Page 101 of Enforcer Daddy
"Story?" I asked around my thumb, the word muffled but clear enough.
"What kind of story does my little one want tonight?"
"The brave girl," I said, because it was my favorite, the one he'd made up in the early days when I couldn't sleep, couldn't trust, couldn't believe this was real.
"Once upon a time," he began, his voice dropping into that storytelling rhythm, "there was a very brave girl who everyone thought was weak. She lived in a cruel kingdom where children were forgotten and hurt, where nobody saw her strength because it didn't look like the strength in storybooks."
I knew every word but needed to hear them anyway, needed the reminder that brave didn't always mean unafraid, that strength could look like surviving another day, that even princesses sometimes had to steal to eat.
"She was so brave that she survived winters without warmth, nights without safety, hunger without food. She taught herself to be invisible when visibility meant danger, to be silent when words would bring pain, to trust nobody because trust had only ever brought hurt."
His hand never stopped stroking my hair, and I pressed closer, my thumb in my mouth, surrounded by his warmth and scent and the steady beat of his heart.
"One day, the brave girl got caught by a beast. Everyone knew beasts ate brave girls, that they were monsters who belonged in the dark. But this beast saw something in the brave girl that even she couldn't see.
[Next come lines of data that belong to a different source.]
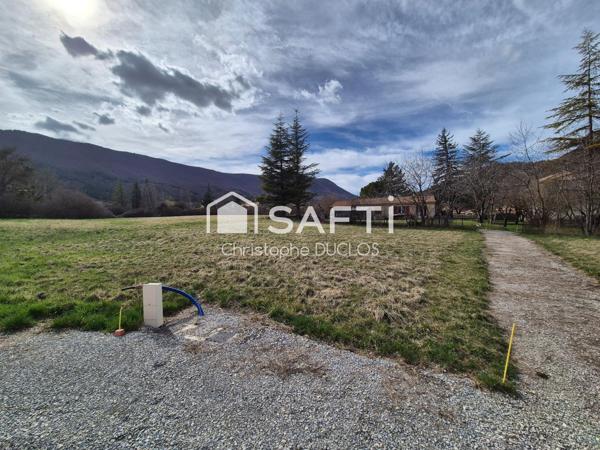 Terrain constructible viabilisé libre constructeur.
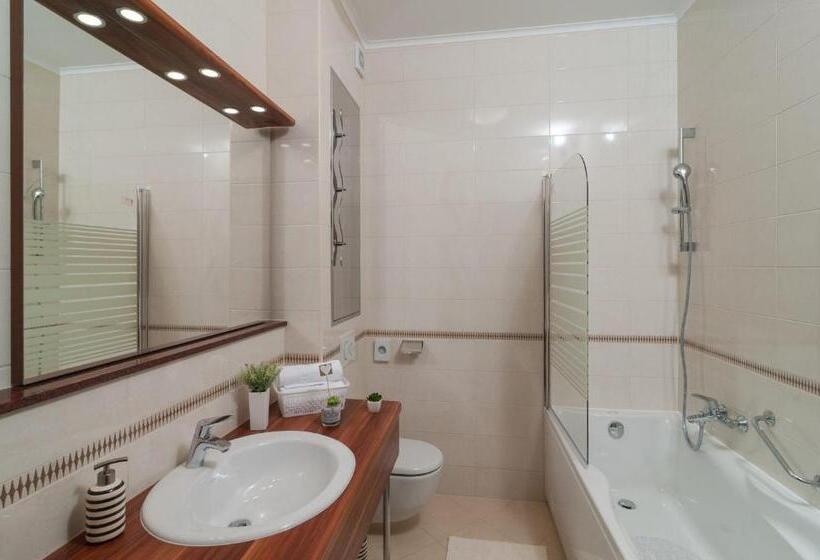 Пансион Luxury Rooms Near The Beach2
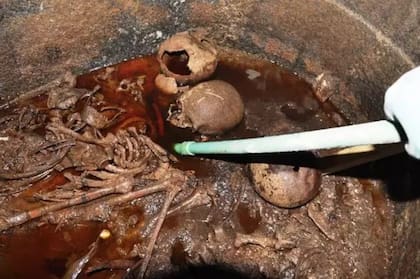 Abrieron un sarcófago de 2000 años en Egipto.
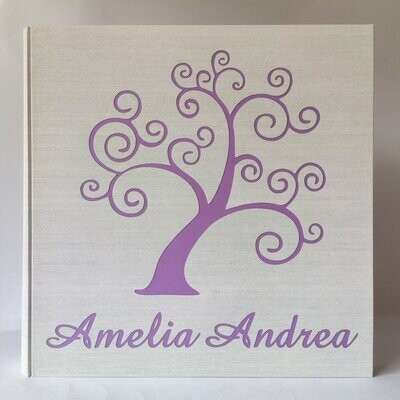 Album fotografico lino albero della vita e nome inciso Album fotografico con albero della vita e nome.
Le copertine dei nostri album sono in legno rivestite in questo caso in tela di lino.
Il nome in copertina e i colori sono personalizzabili.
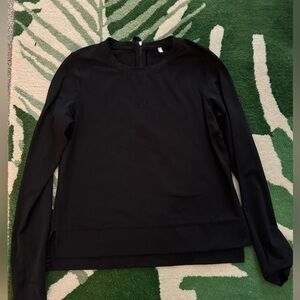 Lululemon Long Sleeve Black Top size 6, EUC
He saw that her bravery had made her magic, that her survival had made her precious, that her strength disguised as weakness was the most powerful thing he'd ever encountered."
"And then?" I prompted, though I knew.
"And then the beast did something nobody expected. Instead of eating the brave girl, he gave her shelter. Instead of hurting her, he protected her. And slowly, day by day, the brave girl taught the beast how to be gentle, while the beast taught the brave girl that she'd been a princess all along, just wearing rags because the kingdom hadn't recognized royalty when it saw it."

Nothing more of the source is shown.